__Exercise aim__:
When a line in the data below includes "Санкт", pick it out and copy it.

(Crawled caption data)

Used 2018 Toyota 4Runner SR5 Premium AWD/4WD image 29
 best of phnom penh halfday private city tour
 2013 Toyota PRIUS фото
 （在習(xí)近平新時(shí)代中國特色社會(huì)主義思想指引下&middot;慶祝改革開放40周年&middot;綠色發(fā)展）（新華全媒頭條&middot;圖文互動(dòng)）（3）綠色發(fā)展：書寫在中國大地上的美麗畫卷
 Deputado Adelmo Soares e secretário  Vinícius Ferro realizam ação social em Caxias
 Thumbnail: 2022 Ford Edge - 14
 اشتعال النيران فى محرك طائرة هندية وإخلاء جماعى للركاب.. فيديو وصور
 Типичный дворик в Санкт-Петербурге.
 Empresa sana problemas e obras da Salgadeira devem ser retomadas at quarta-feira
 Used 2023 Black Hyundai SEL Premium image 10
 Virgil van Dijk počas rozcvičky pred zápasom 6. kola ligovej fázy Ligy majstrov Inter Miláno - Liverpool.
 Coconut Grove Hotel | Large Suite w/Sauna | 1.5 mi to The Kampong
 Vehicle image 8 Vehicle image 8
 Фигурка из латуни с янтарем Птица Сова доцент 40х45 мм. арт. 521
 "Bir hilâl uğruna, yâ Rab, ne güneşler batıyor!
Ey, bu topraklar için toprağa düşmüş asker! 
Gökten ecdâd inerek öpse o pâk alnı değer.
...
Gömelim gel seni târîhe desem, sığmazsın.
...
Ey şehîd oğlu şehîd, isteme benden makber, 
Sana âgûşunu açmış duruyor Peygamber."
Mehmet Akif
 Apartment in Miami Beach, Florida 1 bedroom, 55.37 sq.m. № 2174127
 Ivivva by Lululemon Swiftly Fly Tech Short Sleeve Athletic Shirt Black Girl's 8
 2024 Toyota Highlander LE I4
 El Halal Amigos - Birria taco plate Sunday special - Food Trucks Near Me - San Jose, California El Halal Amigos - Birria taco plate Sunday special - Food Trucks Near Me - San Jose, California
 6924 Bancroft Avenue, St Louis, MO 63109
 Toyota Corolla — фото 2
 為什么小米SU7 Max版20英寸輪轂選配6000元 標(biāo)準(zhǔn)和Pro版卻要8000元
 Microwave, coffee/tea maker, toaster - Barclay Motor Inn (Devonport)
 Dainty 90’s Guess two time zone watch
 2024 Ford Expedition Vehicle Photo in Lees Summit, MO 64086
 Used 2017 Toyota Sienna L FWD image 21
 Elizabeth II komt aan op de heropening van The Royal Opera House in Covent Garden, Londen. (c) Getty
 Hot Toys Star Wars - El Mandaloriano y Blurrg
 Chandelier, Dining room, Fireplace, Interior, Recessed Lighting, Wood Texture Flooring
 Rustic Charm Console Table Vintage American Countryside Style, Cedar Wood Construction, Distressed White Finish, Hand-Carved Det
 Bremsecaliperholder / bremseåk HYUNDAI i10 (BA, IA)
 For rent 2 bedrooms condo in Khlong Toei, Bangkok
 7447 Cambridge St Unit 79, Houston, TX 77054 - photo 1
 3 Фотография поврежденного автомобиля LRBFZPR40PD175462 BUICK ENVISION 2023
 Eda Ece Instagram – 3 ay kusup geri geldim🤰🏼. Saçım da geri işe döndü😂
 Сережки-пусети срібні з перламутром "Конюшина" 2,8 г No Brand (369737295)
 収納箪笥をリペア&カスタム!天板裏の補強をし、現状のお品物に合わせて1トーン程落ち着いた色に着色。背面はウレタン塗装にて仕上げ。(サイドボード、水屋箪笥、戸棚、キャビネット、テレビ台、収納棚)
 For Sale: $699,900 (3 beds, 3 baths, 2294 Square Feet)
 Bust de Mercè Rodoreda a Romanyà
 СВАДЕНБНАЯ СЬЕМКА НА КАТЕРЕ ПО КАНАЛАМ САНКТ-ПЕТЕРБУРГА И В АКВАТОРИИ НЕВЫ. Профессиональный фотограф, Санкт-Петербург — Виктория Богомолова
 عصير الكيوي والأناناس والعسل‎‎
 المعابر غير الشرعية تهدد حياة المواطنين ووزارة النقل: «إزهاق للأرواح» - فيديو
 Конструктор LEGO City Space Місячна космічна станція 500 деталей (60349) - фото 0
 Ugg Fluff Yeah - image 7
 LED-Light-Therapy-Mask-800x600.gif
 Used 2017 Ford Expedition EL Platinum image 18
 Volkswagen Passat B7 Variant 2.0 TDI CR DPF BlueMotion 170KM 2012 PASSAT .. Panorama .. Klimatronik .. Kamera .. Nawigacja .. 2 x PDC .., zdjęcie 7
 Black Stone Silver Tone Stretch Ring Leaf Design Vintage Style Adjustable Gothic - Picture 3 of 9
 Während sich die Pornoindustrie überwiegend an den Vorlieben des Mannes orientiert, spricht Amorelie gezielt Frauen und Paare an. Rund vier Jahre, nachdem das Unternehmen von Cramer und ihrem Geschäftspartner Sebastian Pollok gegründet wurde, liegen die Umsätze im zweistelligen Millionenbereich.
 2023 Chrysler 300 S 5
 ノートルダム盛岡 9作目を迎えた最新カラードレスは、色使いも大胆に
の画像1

__Task output__:
 Типичный дворик в Санкт-Петербурге.
 СВАДЕНБНАЯ СЬЕМКА НА КАТЕРЕ ПО КАНАЛАМ САНКТ-ПЕТЕРБУРГА И В АКВАТОРИИ НЕВЫ. Профессиональный фотограф, Санкт-Петербург — Виктория Богомолова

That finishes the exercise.